The third volume of Peter Apap Bologna’s autobiography takes us from 1988, when he was 47, to the present day. He celebrated his 76th birthday at a stylish lunch with close friends just a few weeks before the publication of this book. Peter had started to prepare for his return to Malta in 1988, after fifteen years abroad. The overriding factor that triggered his return to Malta was the change of government in Malta after sixteen years of regressive socialist rule that had precipitated his departure in the first place.
In the opening chapter of this volume, he describes well the surge of optimism that had swept Eddie Fenech Adami and his Nationalist Party into power on 12 May 1987. That victory changed the face of Malta and can be seen, thirty years later, to have been – together with Malta’s accession to the European Union in 2004 to which it led – the pivotal event in the country’s post-Independence history.
Perhaps the most striking and endearing aspect of this volume of memoirs is the spirit of optimism that Peter exudes. His book starts with a quotation by Winston Churchill: “I am an optimist.
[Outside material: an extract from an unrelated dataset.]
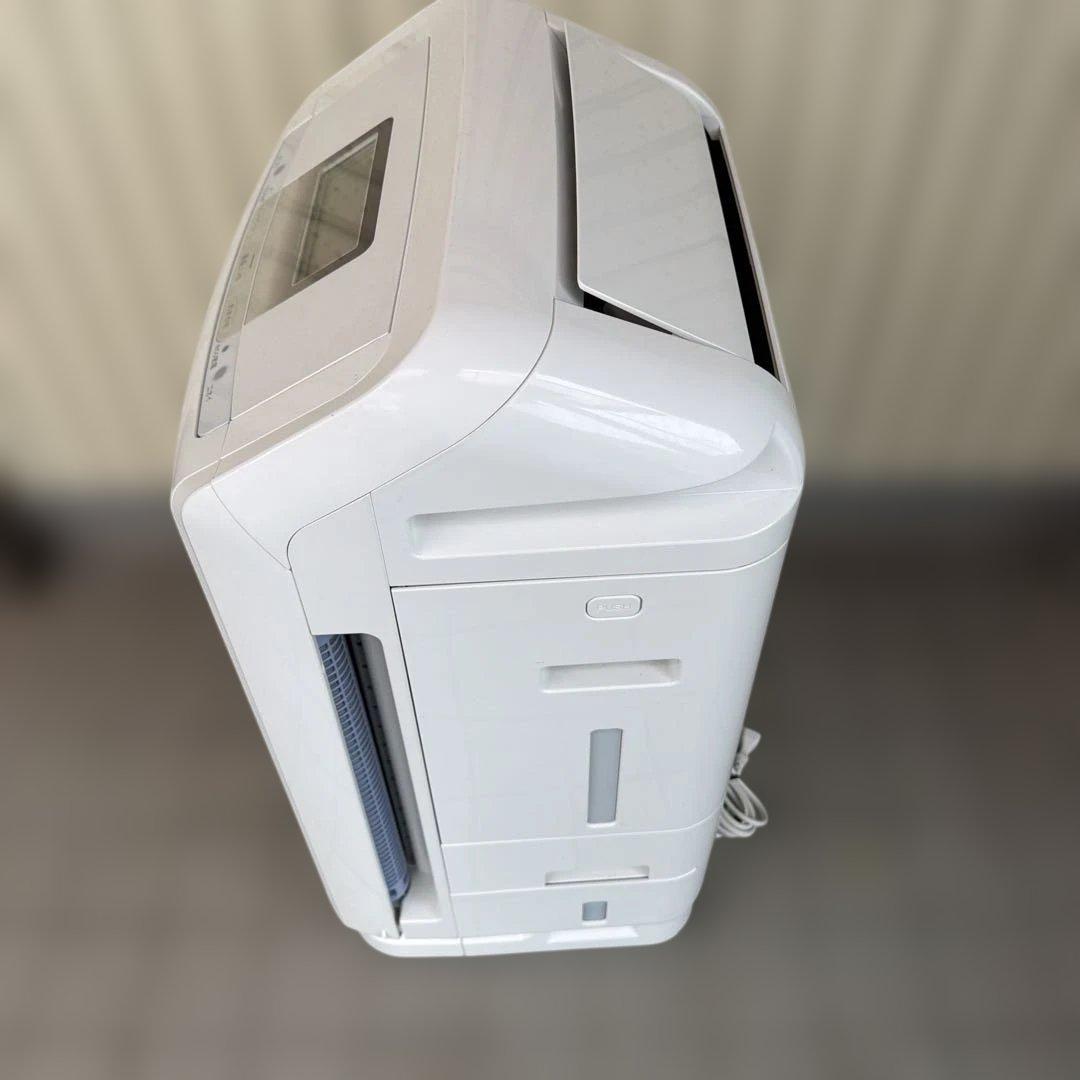 ダイキン クリアフォースZ 除加湿空気清浄機 MCZ70U-W - メルカリ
It does not seem much use being anything else.” It has been Peter’s good fortune to be born with a positive outlook on life. He can always see a glass half full, not half empty. It is not a natural Maltese quality and all the more appealing for that. Optimism is the golden thread running through this story. For, while there are many happy moments in this book, Peter also tells, honestly and without rancour, of several sadnesses and setbacks since his return to Malta. His share of business problems, too, are not shirked or down-played. But despite misfortunes, Peter recovers to face life’s challenges without vindictiveness or any trace of self-pity.
The centerpiece of this book – and his lasting legacy to Maltese perceptions of art – is his founding of the Melitensia Art Gallery, in Lija in the autumn of 1988. Before it closed eleven years later, it became the focus for the best and most exciting exhibitions of Maltese and foreign paintings of Malta. It set standards of presentation in a public gallery in Malta of paintings, old maps and prints of Malta, as well as book collections, which have never been bettered. The exhibitions were stylishly presented and. the book is packed with photographs of many of the exhibitions and the beautiful paintings that were on display.
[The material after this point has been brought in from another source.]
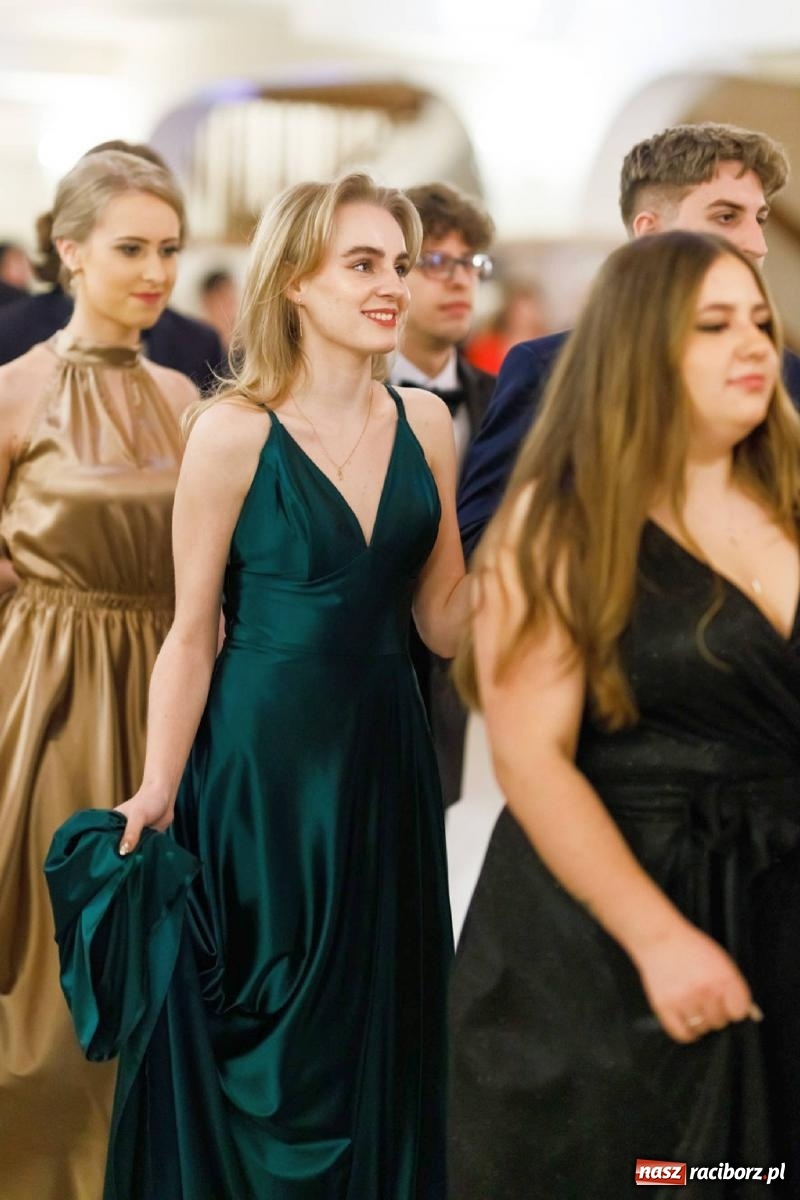 Zdjęcie w galerii na portalu naszraciborz.pl: Studniówka I LO im. Jana Kasprowicza [FOTO i WIDEO] wiadomości z regionu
No account of the Melitensia Art Gallery and its impact on Maltese critical discernment of art can pass without mentioning Peter’s wife, Alaine, who arrived in his life in July 1989 and whom he married the following year. Her great love and support has contributed hugely to Peter’s life, as well as leading directly to their involvement with the first Fondazzjoni Patrimonju Malti exhibitions under the redoubtable Maurice de Giorgio.
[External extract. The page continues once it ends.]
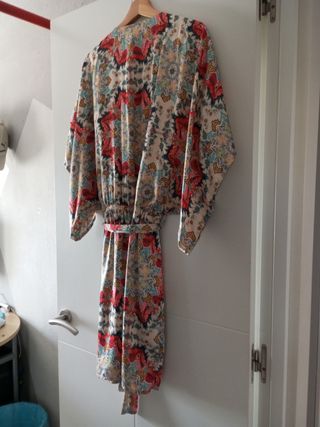 Bonito vestido kimono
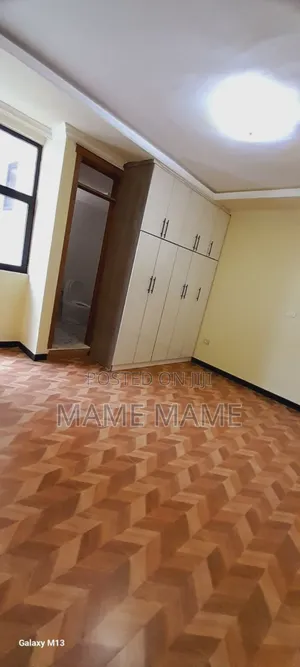 7bdrm House in Addis Abeba, Bole for sale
This volume brings this fascinating trilogy of Memories to a close. Peter’s recollections are well written and lavishly illustrated. It is worth buying the book for the photographic record alone. His sharp eye and excellent memory mean his recollections are vividly described. They bring to a fitting end a lively account of the last seventy-five years of a certain kind of Maltese life – more socially stratified and in rapid transition between colonial Malta, independence and the country we know today.
It follows closely in the footsteps of Herbert Ganado’s seminal Rajt Malta Tinbidel, which took the reader on a journey through the story of Malta during the first part of the last century. It is a most fitting companion to it.